▸ HOW TO COMPLETE THIS TASK:
When you reach the line containing "Step 5: Relaunch" in the data below, reproduce it and every line that follows, exactly and without additions.

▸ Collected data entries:
▬▬▬

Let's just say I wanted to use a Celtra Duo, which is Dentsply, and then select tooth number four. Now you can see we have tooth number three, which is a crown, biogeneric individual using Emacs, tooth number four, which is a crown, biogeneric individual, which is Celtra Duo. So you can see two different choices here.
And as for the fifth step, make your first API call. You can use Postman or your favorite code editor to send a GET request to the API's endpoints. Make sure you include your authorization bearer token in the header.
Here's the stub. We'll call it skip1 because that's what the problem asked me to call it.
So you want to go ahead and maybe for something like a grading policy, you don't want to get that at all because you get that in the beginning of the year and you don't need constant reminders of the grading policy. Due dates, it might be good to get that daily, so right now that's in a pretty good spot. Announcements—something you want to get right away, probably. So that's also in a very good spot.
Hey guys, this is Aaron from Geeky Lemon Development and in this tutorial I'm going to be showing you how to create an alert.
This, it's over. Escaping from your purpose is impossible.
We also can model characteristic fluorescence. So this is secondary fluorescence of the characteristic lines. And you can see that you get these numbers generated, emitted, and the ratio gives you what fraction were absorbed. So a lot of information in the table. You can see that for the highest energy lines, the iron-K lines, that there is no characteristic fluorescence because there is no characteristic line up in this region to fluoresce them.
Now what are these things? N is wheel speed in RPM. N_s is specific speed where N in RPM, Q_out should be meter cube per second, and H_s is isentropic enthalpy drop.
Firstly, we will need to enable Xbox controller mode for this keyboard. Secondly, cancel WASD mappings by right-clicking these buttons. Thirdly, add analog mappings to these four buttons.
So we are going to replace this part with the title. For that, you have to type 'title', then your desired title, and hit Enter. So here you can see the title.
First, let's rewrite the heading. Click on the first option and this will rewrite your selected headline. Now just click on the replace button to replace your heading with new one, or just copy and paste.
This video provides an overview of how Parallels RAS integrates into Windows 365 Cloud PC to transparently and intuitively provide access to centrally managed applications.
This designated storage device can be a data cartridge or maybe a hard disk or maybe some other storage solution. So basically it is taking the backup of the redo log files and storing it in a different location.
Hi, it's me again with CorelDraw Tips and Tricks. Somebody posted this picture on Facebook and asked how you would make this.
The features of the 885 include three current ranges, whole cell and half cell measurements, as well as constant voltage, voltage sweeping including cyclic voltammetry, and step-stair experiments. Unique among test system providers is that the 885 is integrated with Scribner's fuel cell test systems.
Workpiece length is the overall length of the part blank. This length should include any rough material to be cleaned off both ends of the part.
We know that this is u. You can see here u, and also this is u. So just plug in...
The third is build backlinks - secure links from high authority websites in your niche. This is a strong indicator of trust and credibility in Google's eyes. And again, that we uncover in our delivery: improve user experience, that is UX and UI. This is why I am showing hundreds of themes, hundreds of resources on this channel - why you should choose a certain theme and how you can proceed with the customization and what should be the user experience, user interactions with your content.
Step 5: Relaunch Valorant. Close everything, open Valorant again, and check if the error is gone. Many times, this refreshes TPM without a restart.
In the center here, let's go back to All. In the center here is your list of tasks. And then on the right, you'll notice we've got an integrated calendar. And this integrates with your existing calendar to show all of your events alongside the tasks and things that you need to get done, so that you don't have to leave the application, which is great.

▬▬▬

▸ COMPLETED TASK:
Step 5: Relaunch Valorant. Close everything, open Valorant again, and check if the error is gone. Many times, this refreshes TPM without a restart.
In the center here, let's go back to All. In the center here is your list of tasks. And then on the right, you'll notice we've got an integrated calendar. And this integrates with your existing calendar to show all of your events alongside the tasks and things that you need to get done, so that you don't have to leave the application, which is great.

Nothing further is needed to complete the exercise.